For the past decades, experts in research methods and statistics have repeatedly reminded our community that arbitrary categorisation of data is a waste at best and can lead to harm in the worst-case scenario [18, 19]. If a pattern of physiological parameters (i.e., sequential organ failure assessment) is of interest, nothing stands in the way of plotting raw clinical and laboratory measurements over time and analysing them in their original form. Data will speak for themselves and reveal both the strength and complexity of estimated effects if nonlinearities such as U-shaped relations are allowed at the stage of statistical analysis. Even though the European Medicines Agency encouraged trialists to use the SOFA score as an endpoint, the SOFA score’s capacity to explain mortality, estimated at ≤ 35% when using the delta SOFA score, is far below the 85% bar set by the Food and Drug Administration for surrogate outcomes in oncology [11, 20]. New patient-oriented outcomes, such as days alive and free from organ support or days alive outside the ICU within a predefined period, such as 28 or 90 days, have recently gained popularity. These endpoints have far more promising properties than arbitrary categories of uncertain importance to patients [21, 22]. Better still, longitudinal ordinal models can be used to incorporate all relevant transitions between stages of critical illness and maximise statistical power, though these models require a relatively high level of expertise and effort from the study’s biostatistician [23].

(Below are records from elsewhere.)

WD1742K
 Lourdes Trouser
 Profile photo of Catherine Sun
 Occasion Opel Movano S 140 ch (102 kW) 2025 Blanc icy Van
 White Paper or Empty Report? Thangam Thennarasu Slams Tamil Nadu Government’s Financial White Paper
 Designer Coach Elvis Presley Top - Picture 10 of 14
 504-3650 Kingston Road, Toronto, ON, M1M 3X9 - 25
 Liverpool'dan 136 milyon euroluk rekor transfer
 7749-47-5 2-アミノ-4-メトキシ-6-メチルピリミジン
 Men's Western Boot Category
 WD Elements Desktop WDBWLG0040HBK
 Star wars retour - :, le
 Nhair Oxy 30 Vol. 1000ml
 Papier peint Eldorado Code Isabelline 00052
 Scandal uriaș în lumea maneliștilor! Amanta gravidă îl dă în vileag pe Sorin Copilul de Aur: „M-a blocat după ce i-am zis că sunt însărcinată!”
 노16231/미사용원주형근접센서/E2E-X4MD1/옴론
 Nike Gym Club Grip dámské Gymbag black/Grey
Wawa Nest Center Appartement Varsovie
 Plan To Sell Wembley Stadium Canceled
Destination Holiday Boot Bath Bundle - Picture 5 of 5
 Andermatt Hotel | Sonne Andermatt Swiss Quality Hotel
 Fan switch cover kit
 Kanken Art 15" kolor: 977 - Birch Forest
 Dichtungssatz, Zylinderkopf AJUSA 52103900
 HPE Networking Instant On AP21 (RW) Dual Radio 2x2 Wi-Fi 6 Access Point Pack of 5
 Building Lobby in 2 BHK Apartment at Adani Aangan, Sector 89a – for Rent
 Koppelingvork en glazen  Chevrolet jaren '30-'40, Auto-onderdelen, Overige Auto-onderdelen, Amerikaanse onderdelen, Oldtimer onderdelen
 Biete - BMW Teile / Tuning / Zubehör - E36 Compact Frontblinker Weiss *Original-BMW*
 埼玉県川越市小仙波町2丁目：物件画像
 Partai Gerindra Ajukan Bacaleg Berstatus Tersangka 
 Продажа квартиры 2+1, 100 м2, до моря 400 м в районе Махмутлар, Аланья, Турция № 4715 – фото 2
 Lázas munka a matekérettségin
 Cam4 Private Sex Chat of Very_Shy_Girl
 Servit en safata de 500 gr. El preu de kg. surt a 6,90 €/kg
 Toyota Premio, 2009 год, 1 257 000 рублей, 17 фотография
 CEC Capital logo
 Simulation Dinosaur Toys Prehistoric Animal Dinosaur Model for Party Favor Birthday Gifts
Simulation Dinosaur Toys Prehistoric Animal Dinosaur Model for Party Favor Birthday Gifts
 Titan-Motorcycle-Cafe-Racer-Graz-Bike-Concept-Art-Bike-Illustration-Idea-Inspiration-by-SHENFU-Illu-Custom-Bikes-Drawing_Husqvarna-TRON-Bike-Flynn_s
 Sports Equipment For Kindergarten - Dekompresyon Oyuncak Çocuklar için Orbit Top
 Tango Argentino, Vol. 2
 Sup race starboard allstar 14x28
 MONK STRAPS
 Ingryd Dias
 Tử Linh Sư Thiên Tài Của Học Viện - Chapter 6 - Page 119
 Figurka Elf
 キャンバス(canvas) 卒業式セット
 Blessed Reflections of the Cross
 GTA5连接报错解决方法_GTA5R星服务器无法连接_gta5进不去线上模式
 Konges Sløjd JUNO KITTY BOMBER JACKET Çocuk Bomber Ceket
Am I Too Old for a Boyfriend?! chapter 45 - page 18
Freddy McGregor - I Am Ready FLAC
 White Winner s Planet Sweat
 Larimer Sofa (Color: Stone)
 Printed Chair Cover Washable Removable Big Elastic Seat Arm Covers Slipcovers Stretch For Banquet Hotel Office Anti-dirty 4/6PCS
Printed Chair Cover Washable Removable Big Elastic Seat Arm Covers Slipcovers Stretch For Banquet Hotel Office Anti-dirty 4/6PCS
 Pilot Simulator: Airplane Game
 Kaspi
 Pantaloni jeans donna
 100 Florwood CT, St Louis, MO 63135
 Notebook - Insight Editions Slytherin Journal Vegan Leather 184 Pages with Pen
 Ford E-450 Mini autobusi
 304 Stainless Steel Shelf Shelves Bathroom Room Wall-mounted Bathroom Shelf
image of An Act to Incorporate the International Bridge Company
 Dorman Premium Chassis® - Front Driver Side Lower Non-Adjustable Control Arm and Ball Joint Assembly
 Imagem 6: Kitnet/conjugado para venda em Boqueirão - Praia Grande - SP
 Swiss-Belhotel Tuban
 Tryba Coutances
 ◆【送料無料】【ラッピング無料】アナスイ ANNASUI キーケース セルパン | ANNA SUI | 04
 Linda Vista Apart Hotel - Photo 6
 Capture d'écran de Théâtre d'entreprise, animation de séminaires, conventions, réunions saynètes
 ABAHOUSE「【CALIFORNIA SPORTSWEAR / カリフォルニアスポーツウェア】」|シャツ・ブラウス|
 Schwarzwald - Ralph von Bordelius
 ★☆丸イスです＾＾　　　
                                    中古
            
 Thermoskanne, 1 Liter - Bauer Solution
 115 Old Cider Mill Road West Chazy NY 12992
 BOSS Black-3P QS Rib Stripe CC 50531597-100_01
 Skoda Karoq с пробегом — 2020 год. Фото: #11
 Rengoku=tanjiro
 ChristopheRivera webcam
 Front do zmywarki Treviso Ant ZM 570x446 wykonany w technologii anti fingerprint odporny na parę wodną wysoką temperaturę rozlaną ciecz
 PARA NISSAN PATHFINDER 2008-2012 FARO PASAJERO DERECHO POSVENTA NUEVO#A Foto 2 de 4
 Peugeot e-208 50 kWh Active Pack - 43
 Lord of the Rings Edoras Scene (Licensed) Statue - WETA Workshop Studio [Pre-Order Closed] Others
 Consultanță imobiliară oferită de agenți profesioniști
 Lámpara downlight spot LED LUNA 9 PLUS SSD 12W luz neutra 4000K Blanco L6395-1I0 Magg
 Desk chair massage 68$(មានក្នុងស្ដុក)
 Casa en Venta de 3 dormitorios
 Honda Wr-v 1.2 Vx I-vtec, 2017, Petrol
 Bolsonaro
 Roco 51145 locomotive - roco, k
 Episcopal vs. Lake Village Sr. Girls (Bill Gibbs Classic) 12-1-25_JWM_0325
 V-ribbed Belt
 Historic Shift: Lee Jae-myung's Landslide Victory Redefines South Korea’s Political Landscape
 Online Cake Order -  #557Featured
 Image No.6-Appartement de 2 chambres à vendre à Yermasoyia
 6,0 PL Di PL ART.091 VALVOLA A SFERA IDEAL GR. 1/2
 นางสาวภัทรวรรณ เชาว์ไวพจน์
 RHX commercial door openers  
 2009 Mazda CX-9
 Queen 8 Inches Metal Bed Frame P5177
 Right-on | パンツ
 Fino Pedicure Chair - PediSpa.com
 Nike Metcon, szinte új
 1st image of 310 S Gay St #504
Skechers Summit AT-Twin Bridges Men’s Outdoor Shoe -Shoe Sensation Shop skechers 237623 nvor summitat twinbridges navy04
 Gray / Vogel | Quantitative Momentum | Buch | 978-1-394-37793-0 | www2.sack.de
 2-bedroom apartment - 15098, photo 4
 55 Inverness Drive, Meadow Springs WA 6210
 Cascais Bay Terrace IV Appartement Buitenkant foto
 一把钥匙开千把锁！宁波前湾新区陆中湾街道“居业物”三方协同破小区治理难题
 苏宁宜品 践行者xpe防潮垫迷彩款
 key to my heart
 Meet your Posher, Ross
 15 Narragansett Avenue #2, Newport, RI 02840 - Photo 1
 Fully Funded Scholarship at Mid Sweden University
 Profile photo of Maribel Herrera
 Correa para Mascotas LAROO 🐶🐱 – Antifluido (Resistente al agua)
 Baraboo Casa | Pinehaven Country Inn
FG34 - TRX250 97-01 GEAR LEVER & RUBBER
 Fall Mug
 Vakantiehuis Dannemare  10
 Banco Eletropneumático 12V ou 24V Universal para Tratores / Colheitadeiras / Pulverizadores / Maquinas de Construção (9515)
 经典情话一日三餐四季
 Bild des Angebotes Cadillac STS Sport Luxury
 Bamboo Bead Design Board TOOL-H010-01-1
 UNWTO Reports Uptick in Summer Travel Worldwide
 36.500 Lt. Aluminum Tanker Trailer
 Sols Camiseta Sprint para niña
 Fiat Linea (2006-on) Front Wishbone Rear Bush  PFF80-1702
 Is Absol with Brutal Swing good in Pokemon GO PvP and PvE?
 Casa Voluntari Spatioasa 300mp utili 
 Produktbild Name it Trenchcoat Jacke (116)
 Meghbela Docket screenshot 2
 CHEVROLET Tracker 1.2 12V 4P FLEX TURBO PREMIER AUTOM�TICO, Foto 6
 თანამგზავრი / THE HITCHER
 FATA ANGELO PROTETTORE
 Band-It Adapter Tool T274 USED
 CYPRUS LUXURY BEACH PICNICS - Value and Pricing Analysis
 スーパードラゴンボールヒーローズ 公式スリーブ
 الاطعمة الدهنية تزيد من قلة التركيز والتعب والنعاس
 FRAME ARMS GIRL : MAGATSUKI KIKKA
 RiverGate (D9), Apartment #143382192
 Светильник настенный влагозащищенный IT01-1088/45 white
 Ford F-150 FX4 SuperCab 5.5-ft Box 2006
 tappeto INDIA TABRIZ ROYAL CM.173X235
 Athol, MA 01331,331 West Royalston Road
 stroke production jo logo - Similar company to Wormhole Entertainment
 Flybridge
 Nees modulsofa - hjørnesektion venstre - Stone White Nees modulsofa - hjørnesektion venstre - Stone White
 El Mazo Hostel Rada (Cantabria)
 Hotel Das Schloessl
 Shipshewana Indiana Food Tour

This study has several weaknesses. First, only the maximum SOFA score within the first 24 h after admission to the ICU was available in our dataset, precluding any exploration of changes in the SOFA score over time and their relations with mortality. We also did not record the baseline SOFA score, which would provide us with valuable information of chronic organ failure in the population of older critically ill patients. Importantly, the dynamics of each of the SOFA components express different time trajectories during the ICU hospitalisation. Nevertheless, limitations described above apply to any transformation of the original score. Second, the sample size did not allow for a credible investigation of interactions between different systems and subgroups based on the reason for admission to the ICU. It also led to low number of patients and wide confidence intervals in the analysis of the highest categories in renal, hepatic and coagulation components, potentially resulting in some difficulties in interpretation of the results. Third, we did not assess the interrater variability, we know that parameters such as the Glasgow Coma Scale are prone to misclassification in critically ill patients. Fourth, raw data such as biomarker concentrations were not collected in the primary study. Fifth, this is a post-hoc analysis and our results should be considered hypothesis-generating. Sixth, these results are generalisable primarily to older adults. Further studies developed by the VIP project group will help to address this issue more precisely in the future, however an optimal way to assess SOFA score performance in the population of older ICU patients would be to design a large prospective study focused on SOFA score validation on a dedicated cohort.

Our study has many strengths. We were able to include almost four thousand patients ≥ 80 years old from an international, prospectively enrolled cohort, and the completeness of relevant data was exceptionally high. Outcomes included both ICU- and 30-day mortality, mitigating the risk of biases arising from hospital wards’ discharge policies. Our study finished recruitment before the COVID-19 pandemic, thus our results are applicable to a broad population of older patients routinely treated in intensive care units.

Conclusion

Different components of the SOFA score have different prognostic implications for older critically ill adults. The cardiovascular component of the SOFA score needs revision. Future research should explicitly test the utility of the SOFA score with reference to other methods of organ function assessment.